Hep böyle kal, hep bana yakın

Psikolog, Marka Stratejisti Gözde Atilla: "2025, markaların tüketicilerle duygusal bağ kurmasının ötesinde, markaların tüketicilerinin diğer tüketicileriyle bağ kurması için nasıl platform oluşturabildiğinin de değeri belirlediği bir yıl olacak. "

2025’te, tüketici olarak sevdiğim markalara bir şarkı yazsam, ana mesajı çok eskiden yazılmış bir şarkıdan düpedüz araklardım:

“Sen başkalarına benzeme sakın, hep böyle kal, hep bana yakın!”

(Sözleri Çiğdem Talu’ya, müziği Melih Kibar’a ait unutulmaz Erol Evgin şarkısı.)

Yapay zekâ hızla ilerlerken, ayağımızın altındaki zemin her gün değişiyormuş gibi hissederken, marka-tüketici ilişkisinde güven duygusu en üst sıraya yeniden ve tüm ihtişamıyla oturuyor.

Bir zamanlar markalar için “olmazsa olmaz”lar kategorisinde olan ve üzerinde pek de konuşulmayan güven değeri, 2025’te belki de her zamankinden popüler olacak. 

Tam da bu sebeple, artık güvenin anlamı da değişiyor. 

Hep böyle kal, hep güvenilir

Güvendiğimiz marka artık yalnızca bizi aldatmayacağına, kandırmayacağına, piyasadan silinmeyeceğine, kalitesini bozmayacağına inandığımız marka demek değil. Tüm temas noktalarında bizimle tutarlı olarak var olan, ihtiyaç duyduğumuzda biz talep etmeden çözüm geliştirebilen, sesimizi her daim duyan ve empati kurmakta proaktif davranan markalara güveneceğiz.

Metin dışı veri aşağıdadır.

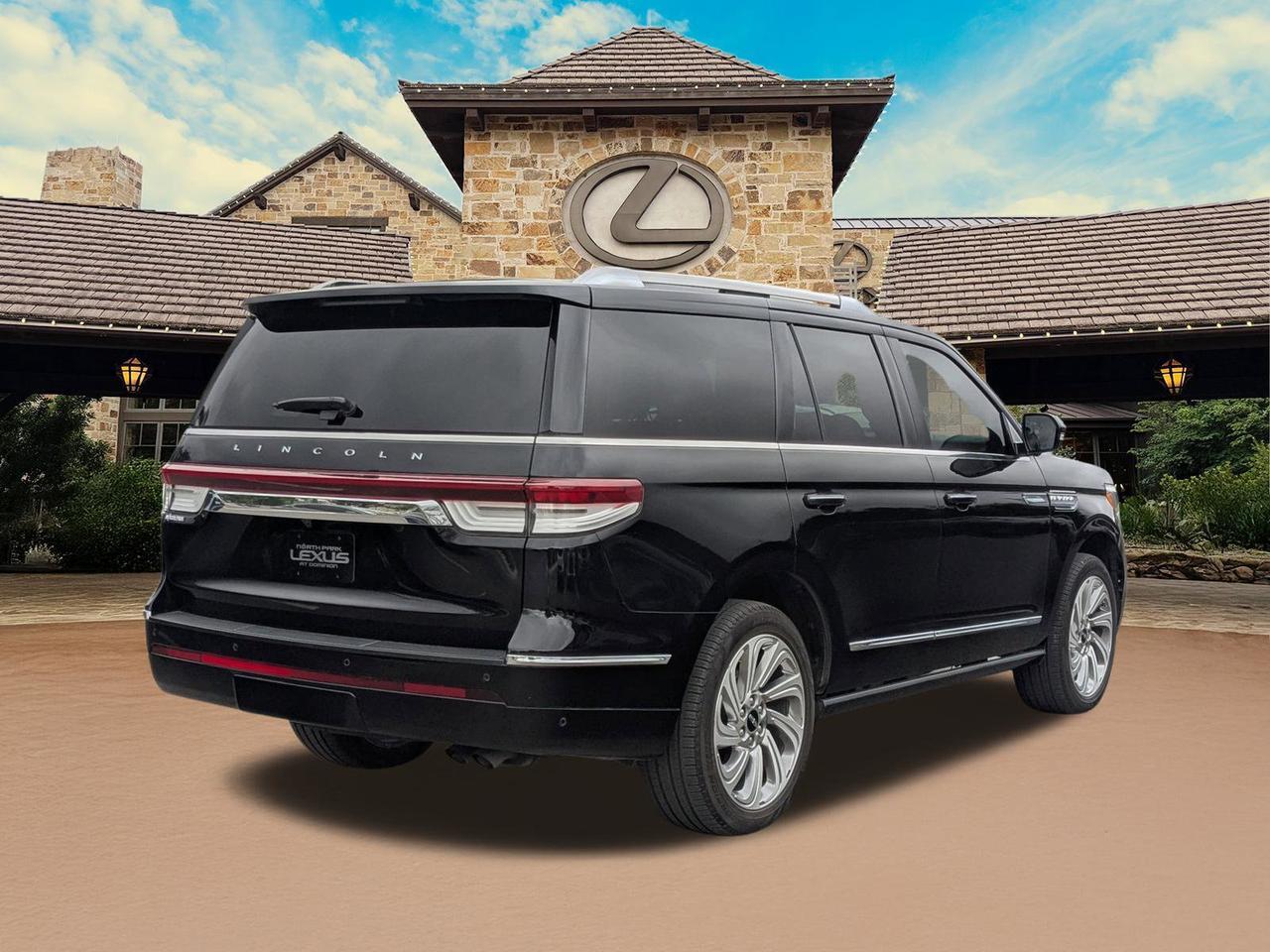 2024 Lincoln Navigator Premiere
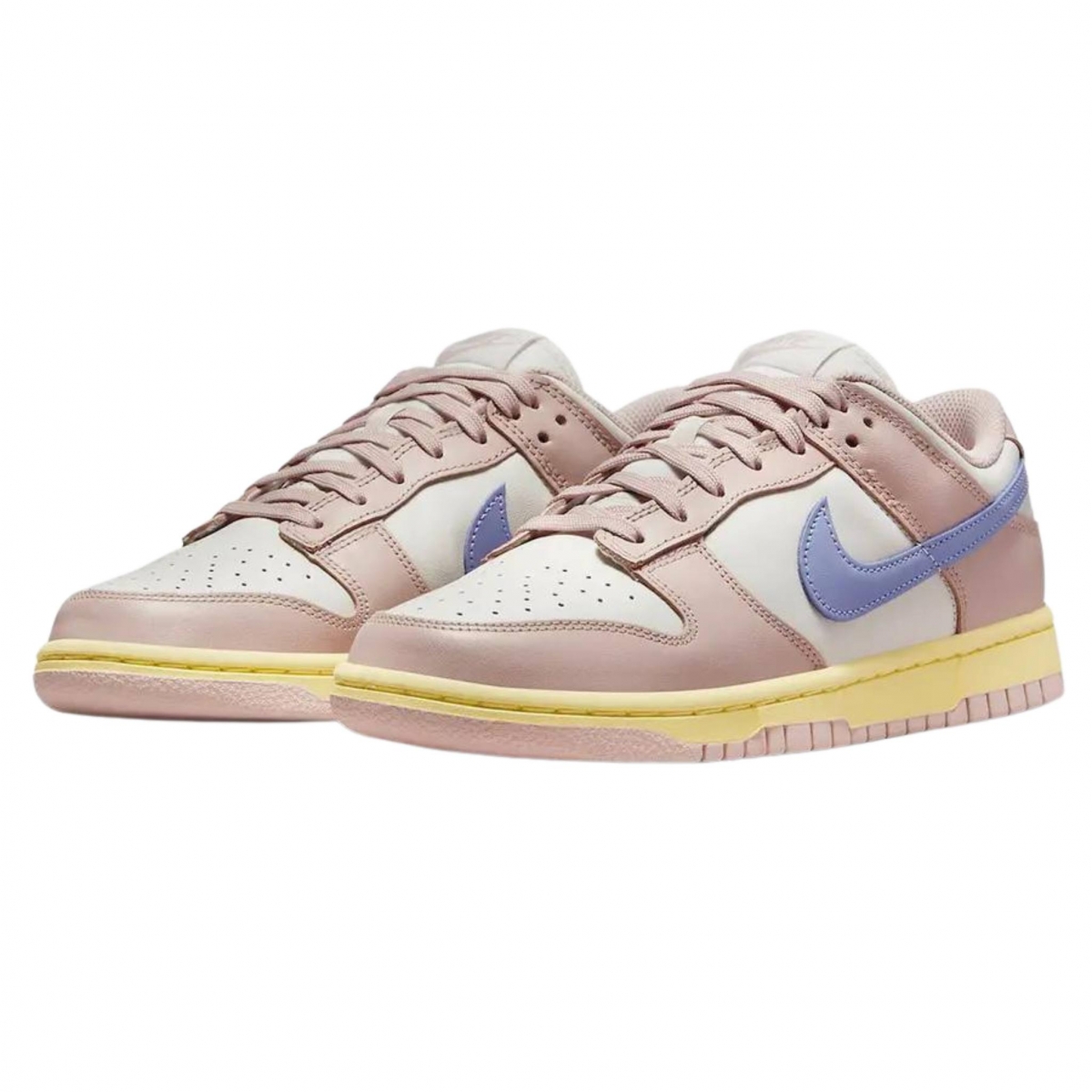 NIKE WMNS NIKE DUNK LOW Pink Oxford，NT$3,100 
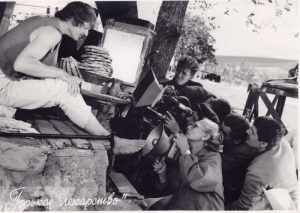 Ольга Улицкая на съемках фильма "Горькое лекарство", 1962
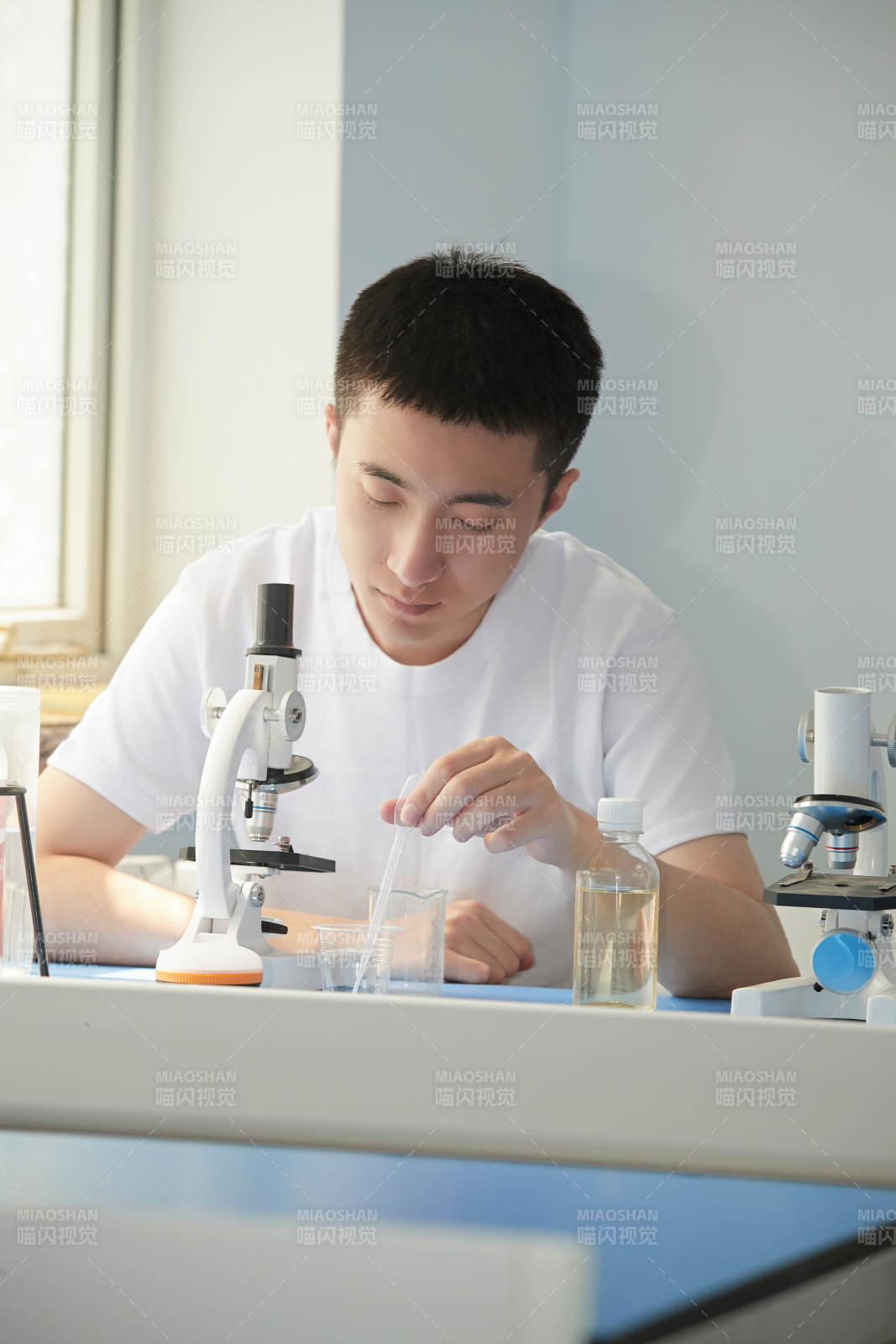 在教室里做实验的帅气青年男性图片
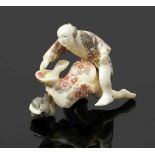 Netsuke Japan, um 1900. - Paar beim Liebesspiel - Elfenbein. 3,7 x 4,5 x 3,3 cm. Bez. Zweiteilige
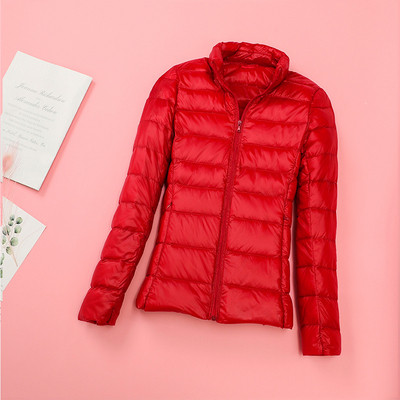 Testhezálló női kabát magas gallérral és zsebekkel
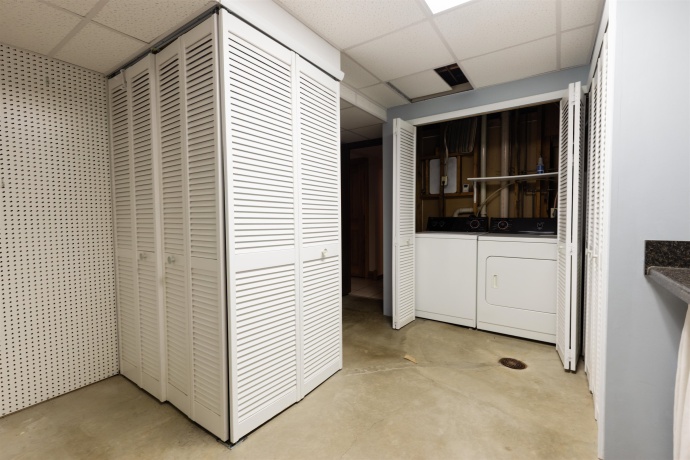 6 Ironwood, GALENA, Illinois 61036, 3 Bedrooms Bedrooms, ,2 BathroomsBathrooms,House,For Sale,Ironwood,202505648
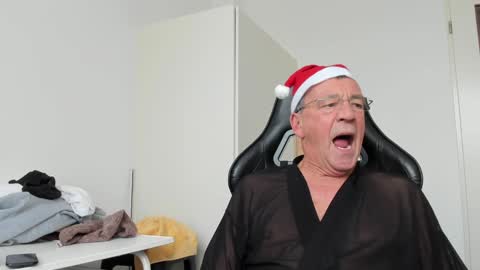 Snapshot of 200gentleman chatting on December 14, 1:05 pm Henk online show from December 14, 1:05 pm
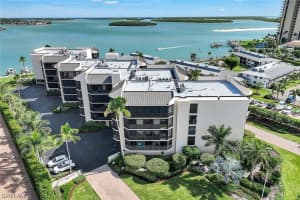 961 Collier Court, MARCO ISLAND, FL 34145 Sold 03/13/24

KPMG'nin 2023 raporunda, müşteri deneyiminin altı bileşeninden biri olarak belirttiği empatiyi müşteri bakış açısıyla şöyle tanımlamıştı: “İhtiyacım olduğunda insani bir dokunuş istiyorum. Duyulduğumu ve anlaşıldığımı hissetmek istiyorum. Bir makinenin bunu yapabileceğini sanmıyorum.” 

Yapay zekânın devreye girmesiyle, güvenilirlik için gözden geçirdiğimiz katmanlar çoğaldı. 

Güvenilir bir kaynaktan, gerçekliğine emin olabildiğimiz bir bilgi alabilmek yeni lüks tanımımız oldu.

Neyin gerçek olup olmadığı konusunu sorguladığımız, mesajların kaynağının güvenilirliğini iki kere kontrol ettiğimiz bir dönemde, sırtımızı rahatça yaslayabileceğimiz, “Eğer altında o markanın imzası varsa, detaylıca araştırma gereği duymadan güvenebilirim.” diyerek gözümüz kapalı güvenebileceğimiz markalarla temasta olmak her zamankinden daha önemli olacak. Bir zamanların “Güvenimi sarsmadıysa, güvenirim.” Yaklaşımı, artık “Tutarlı olarak, her temas noktasında beni hayal kırıklığına uğratmadan güvenimi tazeliyorsa güvenirim.”e dönüşüyor. Bu da markalar için pür dikkat ve daima tetikte yönetmek gereken bir süreç. 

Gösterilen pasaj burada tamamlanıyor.